Plan well for your Presentation: The Input - Output Method

Well begun is half done!

This might not be true for the game of cricket (where nothing can be said till the last bowl is bowled) but it surely holds true when it comes to presentations. The fate of your presentation depends on how well you prepare for it. This post is all about preparing the content of your presentation. This stage as 'the Planning stage' of your presentation.

As you read the next paragraphs think of the last important presentation you made.
How did you prepare then and how you could have done better?
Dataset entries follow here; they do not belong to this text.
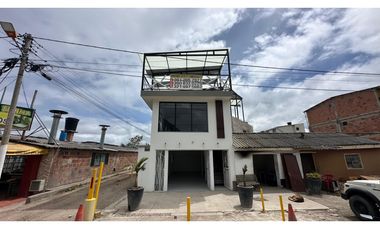 ARRIENDO LOCAL SEGUNDO PISO SOBRE LA CRA 5 COTA $2,400.000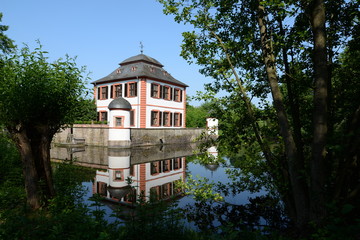 Fototapeta na wymiar Wasserschloss in Klein-Welzheim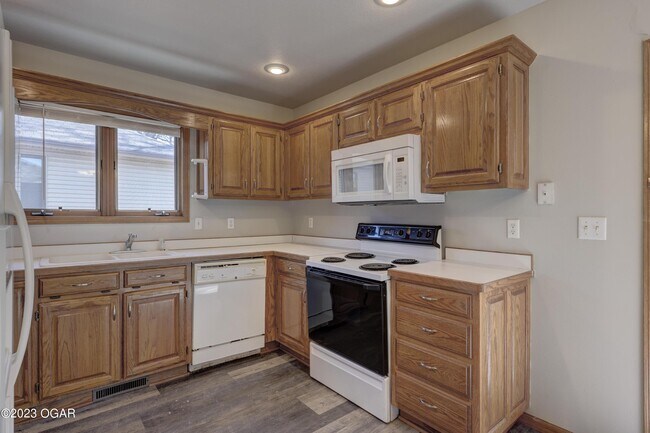 Building Photo - 119 W Briarbrook Ln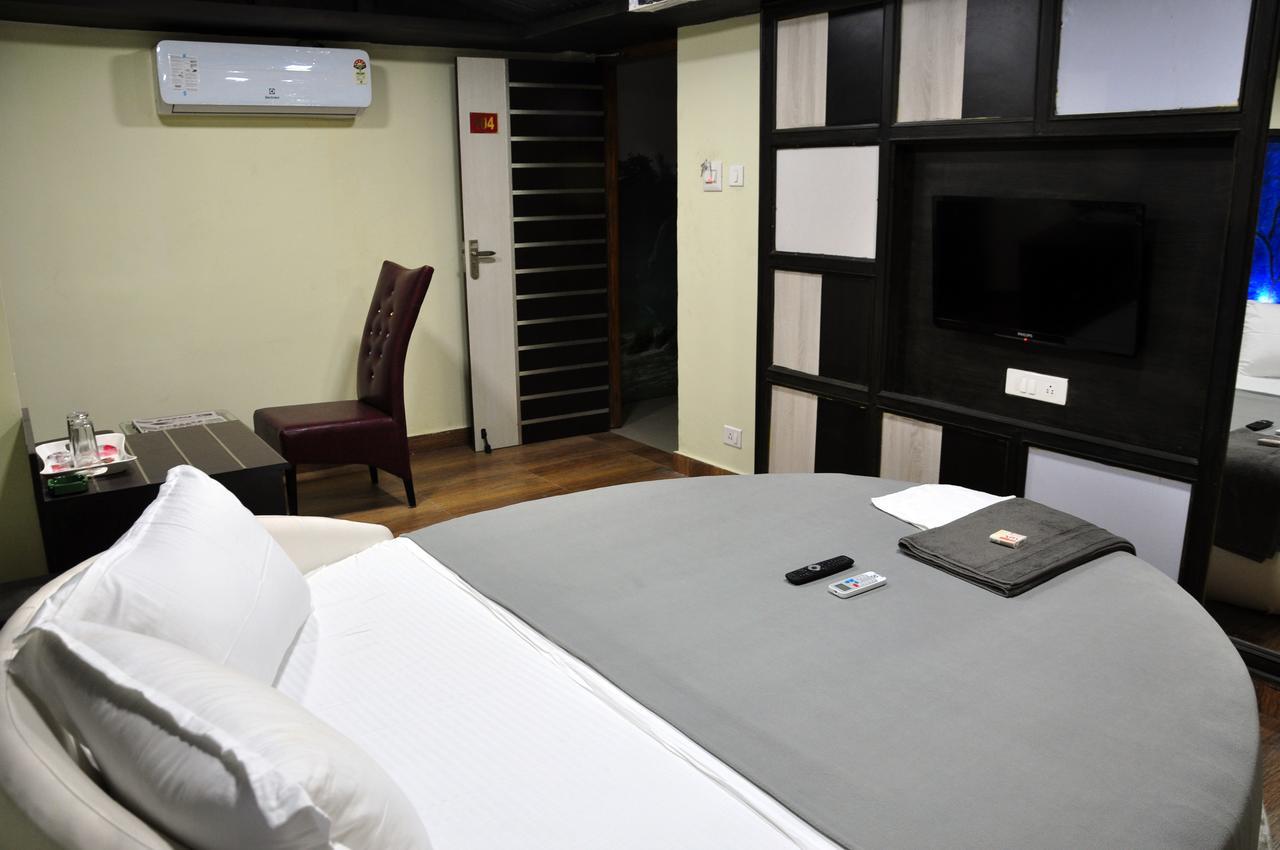 קראיקל Hotel Anandhiram Heritage מראה חיצוני תמונה
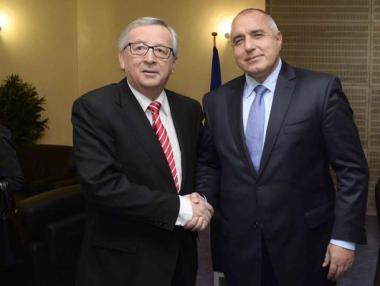 ЕК: Не приемаме да шантажират България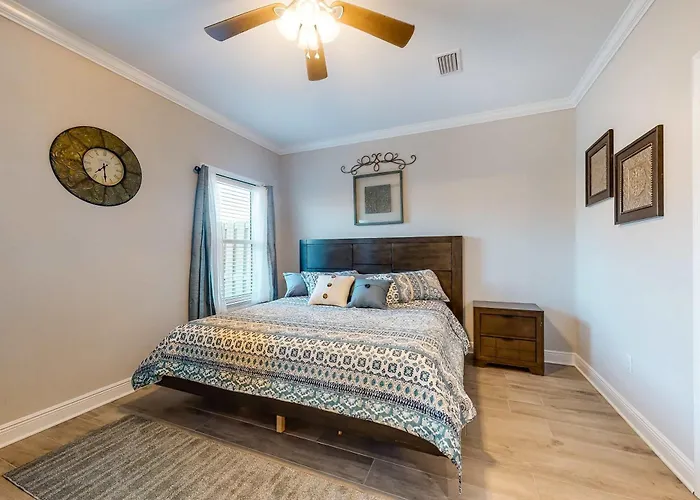 Dog-friendly With Shared Pool Ac & Free High-speed Wifi Holiday home Gulf Shores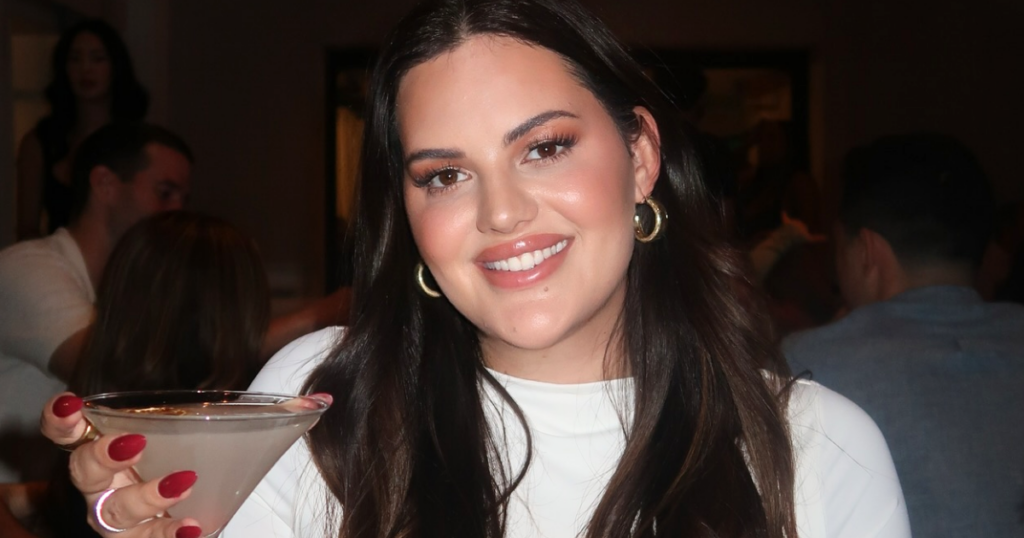 Alexa from Love Is Blind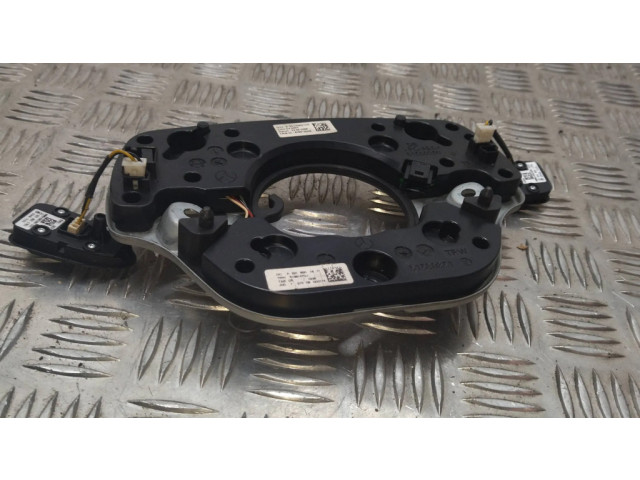 Кнопки рулевого колеса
Tools: A whiteboard and some color markers

Avoid planning your presentation directly in PowerPoint. It will kill time and will never help you plan out the flow well. When I started out as a presenter I used to boast that I get ideas when I sit before the PowerPoint. Later I realized that a whiteboard is more useful for planning. It gives you the big picture and allows greater clarity. Some people use pen and paper for planning. Planning this way might run into multiple pages, hence it is better to use a whiteboard. In its absence you may use a paper.

Input - Output Method

Divide the whiteboard vertically into two areas. The 25% of area on the left is for 'Input' and the remaining is for the 'Output'. It is the Output that we are interested in. That is what you will put on the slides. Input items will be your guide when you are planning.

Input Items

Before you can start figuring out what to write on the slides you ought to know your objective, your audience and other details like the duration. This checklist can be of great help when you are planning your presentation. Write down the following on the input side:


Objective of your presentation
Target audience
Key messages
Most important message you want the audience to remember
Duration
Audience expectation from your presentation
What action should the audience take post your presentation?
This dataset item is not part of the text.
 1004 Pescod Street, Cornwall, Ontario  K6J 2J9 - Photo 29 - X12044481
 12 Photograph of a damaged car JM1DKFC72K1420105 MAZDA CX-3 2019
The reason I suggest you write these down is that you will not forget them. When you want to edit (or trim) your presentation these input anchors will help you determine what to retain and what to chop off.

Output

Once you are clear of your input, you can start asking logical questions and charting out the flow of your presentation. The sales manager sharing the coming years volumes plan with his team can start by asking 'Where are we today?' and have a slide on that. Then logically he asks 'Why are we here?''. He goes to the next logical step and wonders 'Where do we want to be?' and 'How are we going to get there?' and so on...
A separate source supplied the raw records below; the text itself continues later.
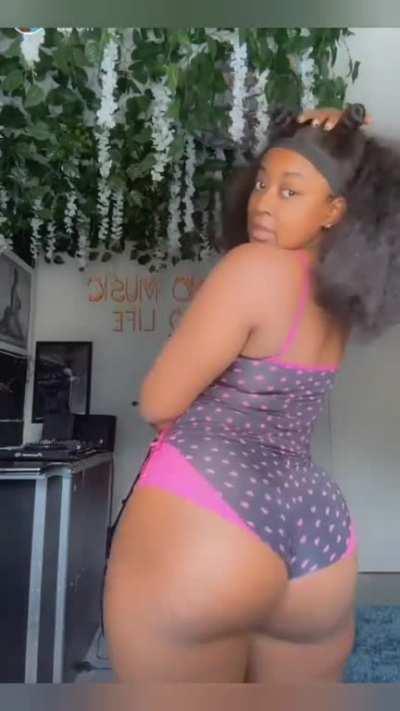 Thick n' Boldðð½ðð½ðð½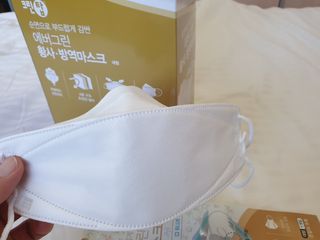 에버그린 순면 끈조절 KF94 마스크 - 화이트 30매 — 5점을 준 리뷰어가 2021년 4월 올린 사용 사진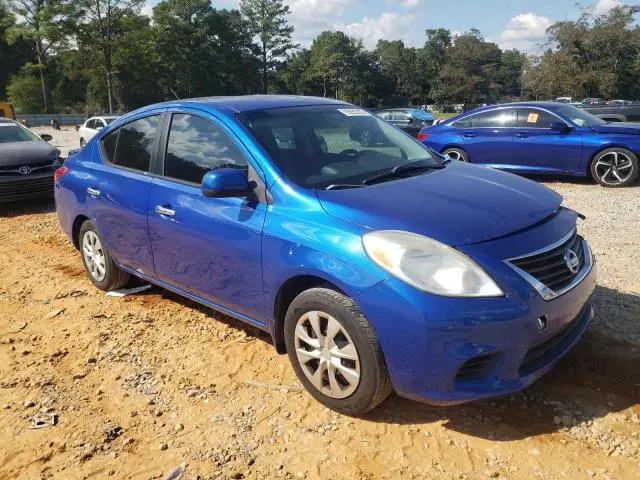 2014 NISSAN VERSA S  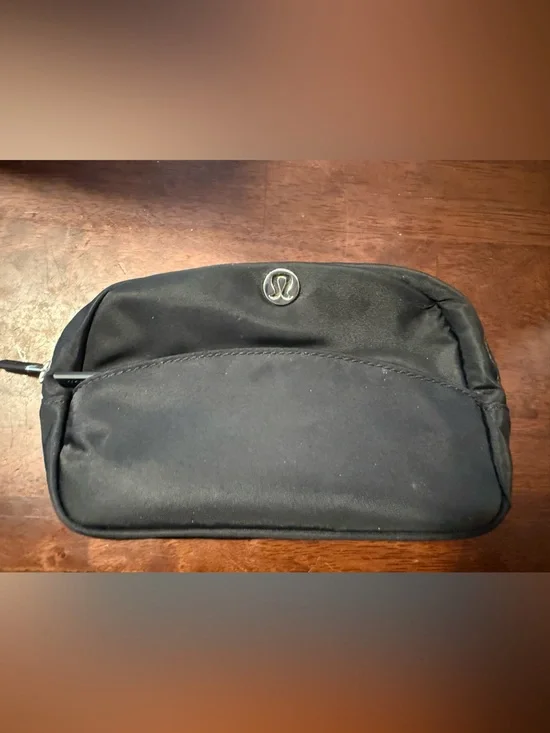 lululemon athletica city essentials pouch mini 2L. Black and silver. EUC.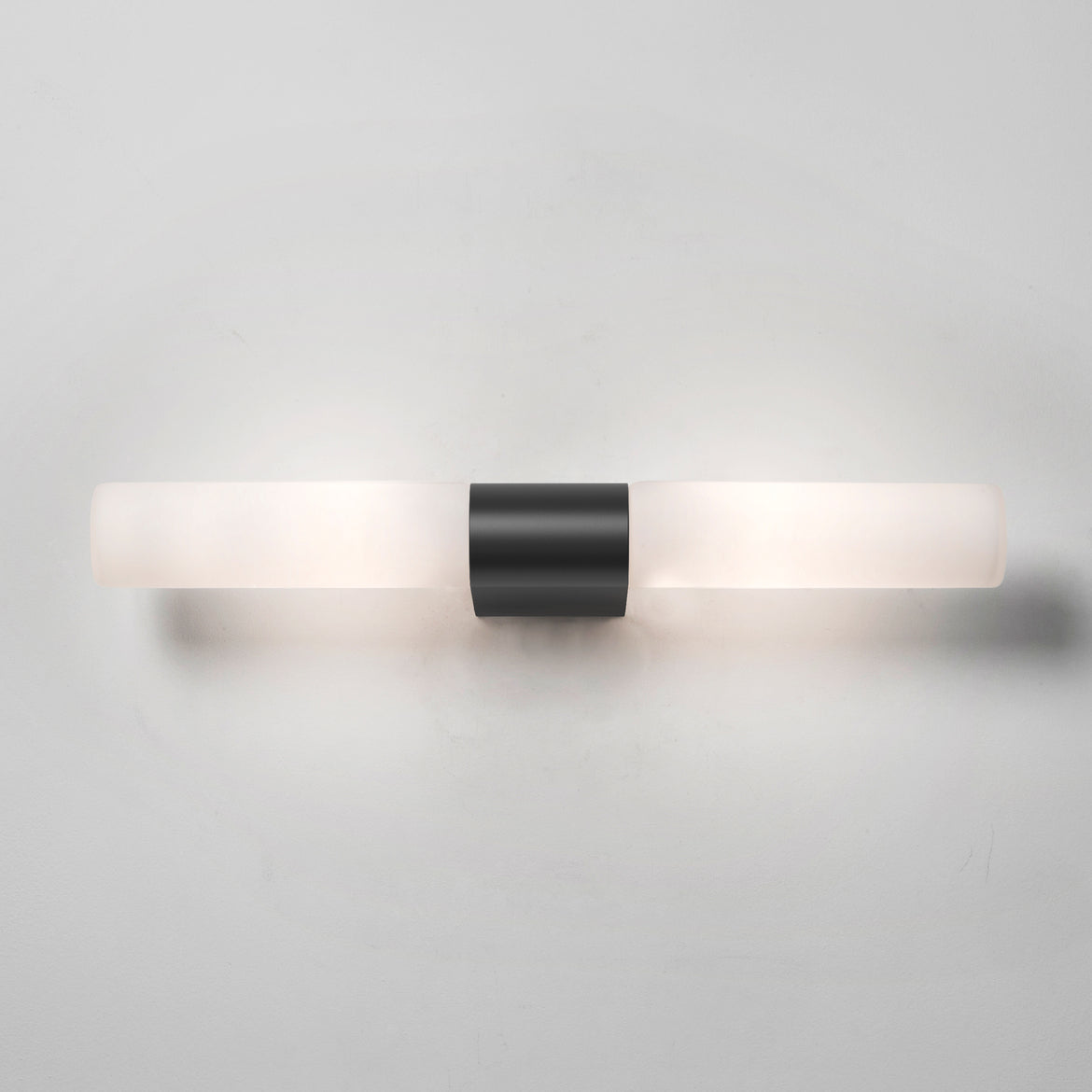 Padova Wall Light, Black, G9, IP44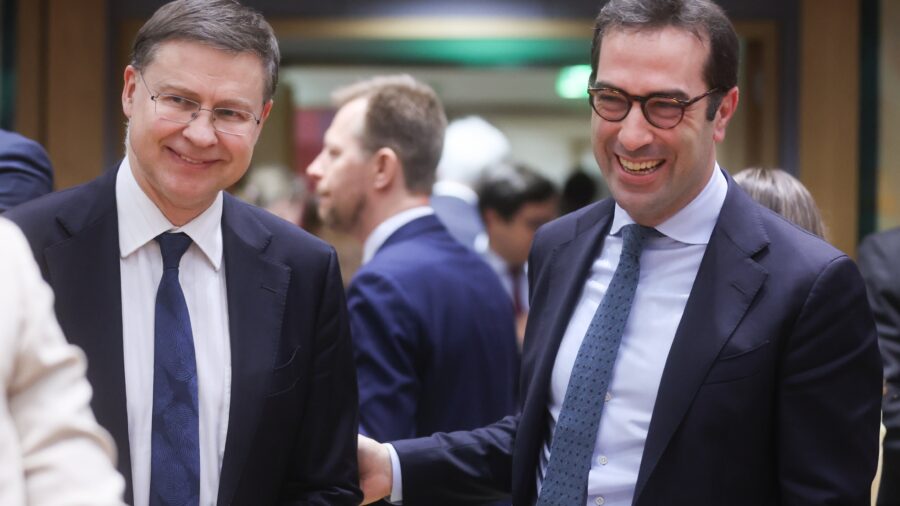 Brussels Urges EU Nations to Tighten Spending Amid Market Pressure
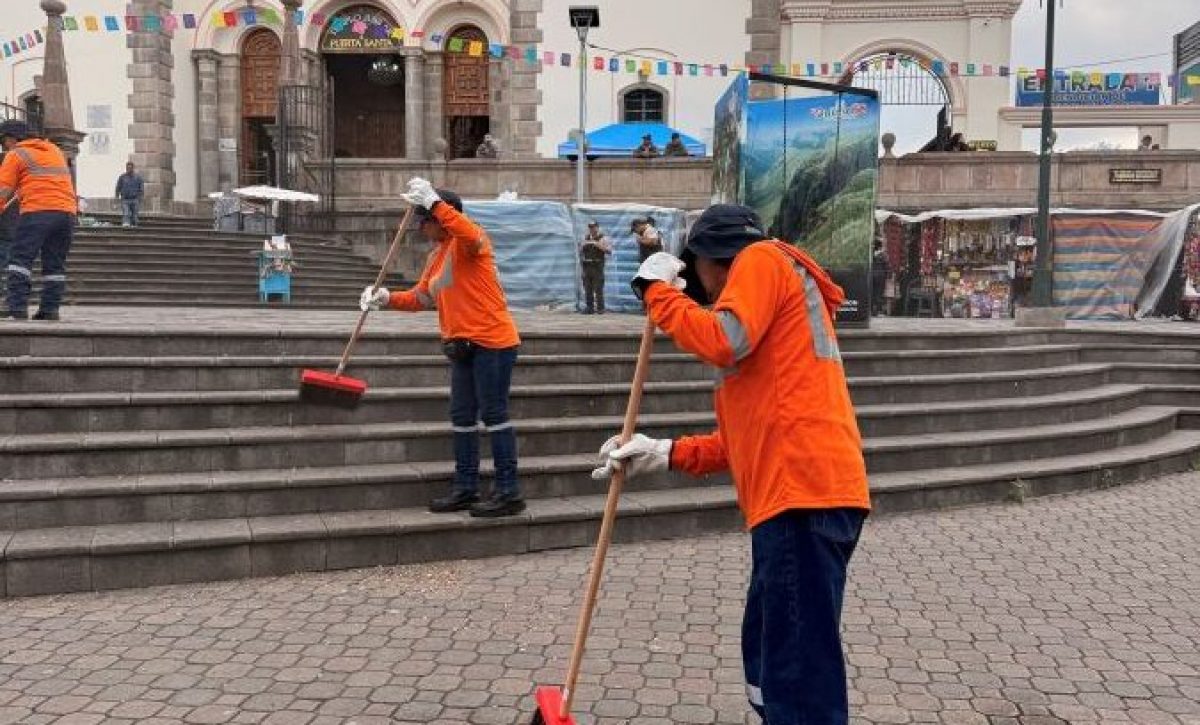 Operativo de limpieza en El Quinche recoge desechos equivalentes a 250 familias en una semana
You start writing down these key headers as your output items. These are the things you want to talk about. You need not write down the answers to these questions on the whiteboard. The answers will be typed on the slides directly. It is the logical flow and the overall clarity which we get from planning on the whiteboard. Don't fill it with unnecessary text.

It does not mean you keep the board clean. Fill it with arrows, circles, boxes, stars. Use a variety of colors and make the process of planning enjoyable. Preferably plan along with a friend/colleague. You get ideas when you talk to someone. If you are alone, talk aloud to yourself and fill the whiteboard.

You can number the points in the order you want to put them on the slides. Slide # 1 could be 'Where are we today?' and Slide #2 can actually be 'Where is the competition?'. Then Slide #3 can answer 'Why is that so?'

Try out this Input-Output method of planning when you are going to make your next important presentation. Half an hour spent here can saves two hours on the PowerPoint. Remember, 'well begun is half done'.